Extracted data:

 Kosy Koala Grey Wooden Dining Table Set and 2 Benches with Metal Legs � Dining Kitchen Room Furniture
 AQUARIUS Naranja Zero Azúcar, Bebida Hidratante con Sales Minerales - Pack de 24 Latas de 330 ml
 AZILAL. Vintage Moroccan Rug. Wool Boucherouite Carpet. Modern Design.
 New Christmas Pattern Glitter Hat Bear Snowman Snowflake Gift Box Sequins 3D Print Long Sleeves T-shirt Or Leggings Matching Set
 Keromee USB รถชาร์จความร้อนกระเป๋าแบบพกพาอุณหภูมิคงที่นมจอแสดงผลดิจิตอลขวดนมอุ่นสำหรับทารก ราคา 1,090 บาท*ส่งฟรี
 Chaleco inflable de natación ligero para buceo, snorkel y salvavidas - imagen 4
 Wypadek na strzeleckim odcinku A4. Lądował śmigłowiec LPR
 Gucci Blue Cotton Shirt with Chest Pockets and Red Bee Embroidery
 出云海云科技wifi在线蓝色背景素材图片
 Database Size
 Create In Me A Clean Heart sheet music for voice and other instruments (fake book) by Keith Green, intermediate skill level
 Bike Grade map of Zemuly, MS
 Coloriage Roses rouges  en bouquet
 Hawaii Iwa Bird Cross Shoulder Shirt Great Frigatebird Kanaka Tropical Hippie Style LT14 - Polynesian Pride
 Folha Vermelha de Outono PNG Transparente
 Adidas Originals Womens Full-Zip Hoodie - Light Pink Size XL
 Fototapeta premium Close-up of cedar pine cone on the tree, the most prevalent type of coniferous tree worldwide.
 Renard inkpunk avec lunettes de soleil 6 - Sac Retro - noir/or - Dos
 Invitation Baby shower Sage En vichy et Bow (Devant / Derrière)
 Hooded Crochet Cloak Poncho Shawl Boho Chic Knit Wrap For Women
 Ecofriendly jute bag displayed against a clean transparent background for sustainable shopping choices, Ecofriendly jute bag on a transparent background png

What you should do: Exactly as written, repeat the lines from the start of the listing through the line containing "New Christmas Pattern", both included.

Final answer:
 Kosy Koala Grey Wooden Dining Table Set and 2 Benches with Metal Legs � Dining Kitchen Room Furniture
 AQUARIUS Naranja Zero Azúcar, Bebida Hidratante con Sales Minerales - Pack de 24 Latas de 330 ml
 AZILAL. Vintage Moroccan Rug. Wool Boucherouite Carpet. Modern Design.
 New Christmas Pattern Glitter Hat Bear Snowman Snowflake Gift Box Sequins 3D Print Long Sleeves T-shirt Or Leggings Matching Set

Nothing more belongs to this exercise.